### [WHAT IS NEEDED]
Since the records include pictures, leave those out while you reproduce exactly and only the lines from the one containing "Perlenarmband Rosa" through the one containing "SAN ANDRES TURRON VEGANO SESAMO 70G", inclusive.

### [RECORD SET]
★ ★ ★ ★ ★ ★ ★

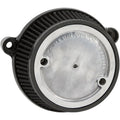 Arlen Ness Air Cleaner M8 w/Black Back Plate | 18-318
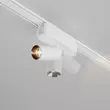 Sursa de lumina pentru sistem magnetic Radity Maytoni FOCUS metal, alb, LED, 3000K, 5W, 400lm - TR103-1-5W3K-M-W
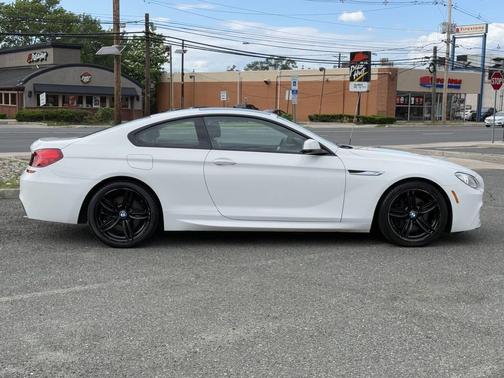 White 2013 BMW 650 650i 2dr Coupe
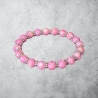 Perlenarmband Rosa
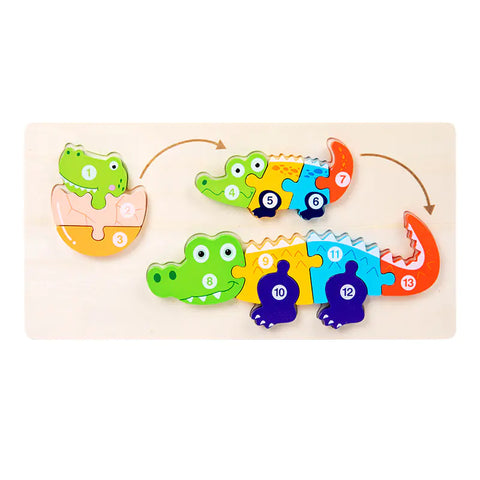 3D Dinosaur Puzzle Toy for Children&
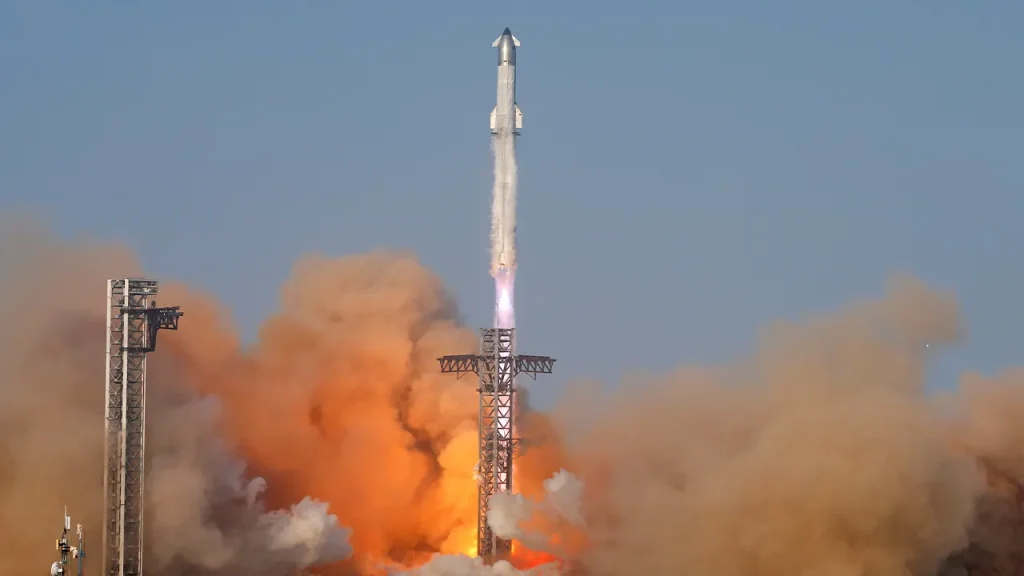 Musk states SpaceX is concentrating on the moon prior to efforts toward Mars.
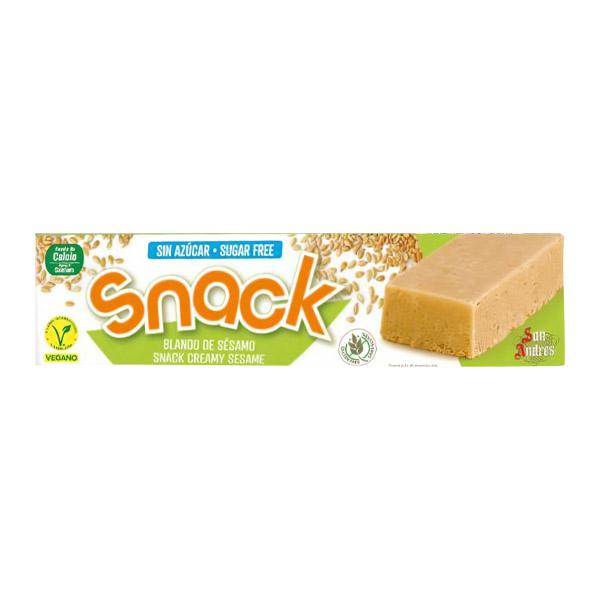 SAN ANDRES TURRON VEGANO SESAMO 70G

★ ★ ★ ★ ★ ★ ★

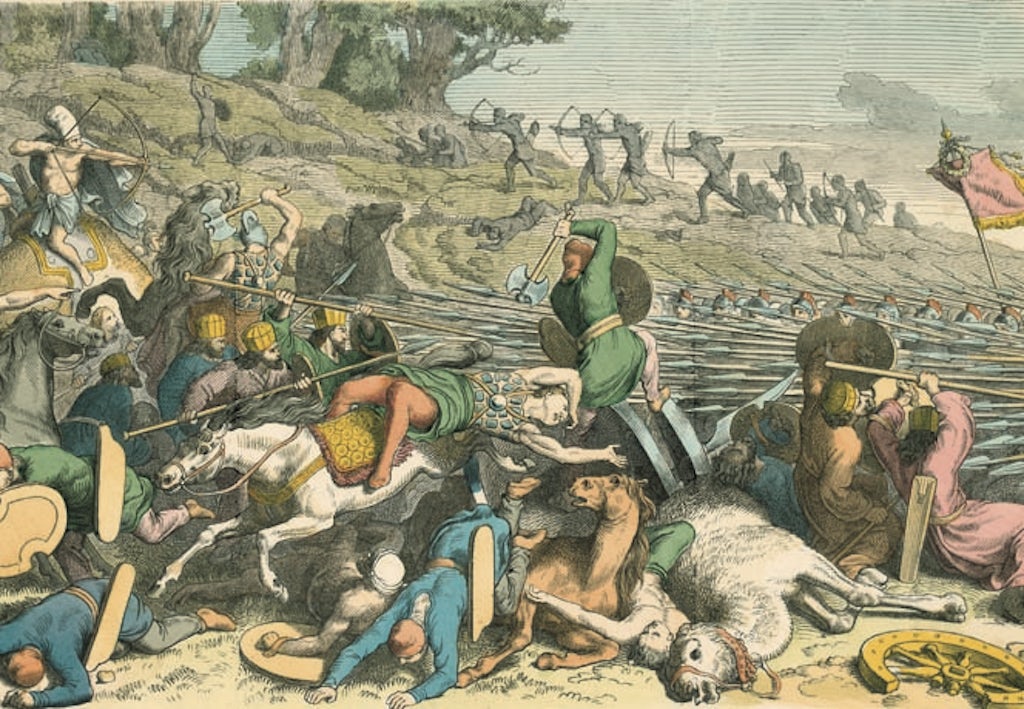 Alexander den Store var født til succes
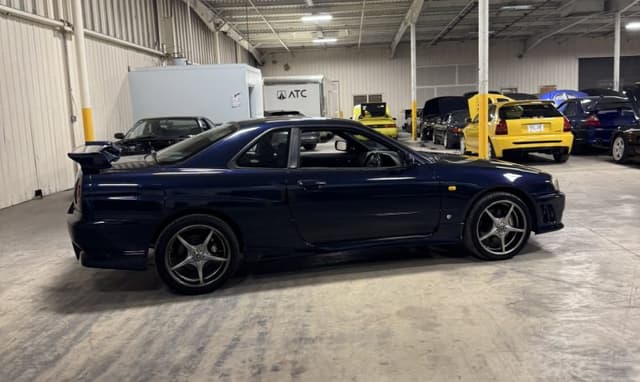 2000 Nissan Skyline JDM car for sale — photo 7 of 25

★ ★ ★ ★ ★ ★ ★

### [SOLUTION FOR THIS TASK]
 Perlenarmband Rosa
 3D Dinosaur Puzzle Toy for Children&
 Musk states SpaceX is concentrating on the moon prior to efforts toward Mars.
 SAN ANDRES TURRON VEGANO SESAMO 70G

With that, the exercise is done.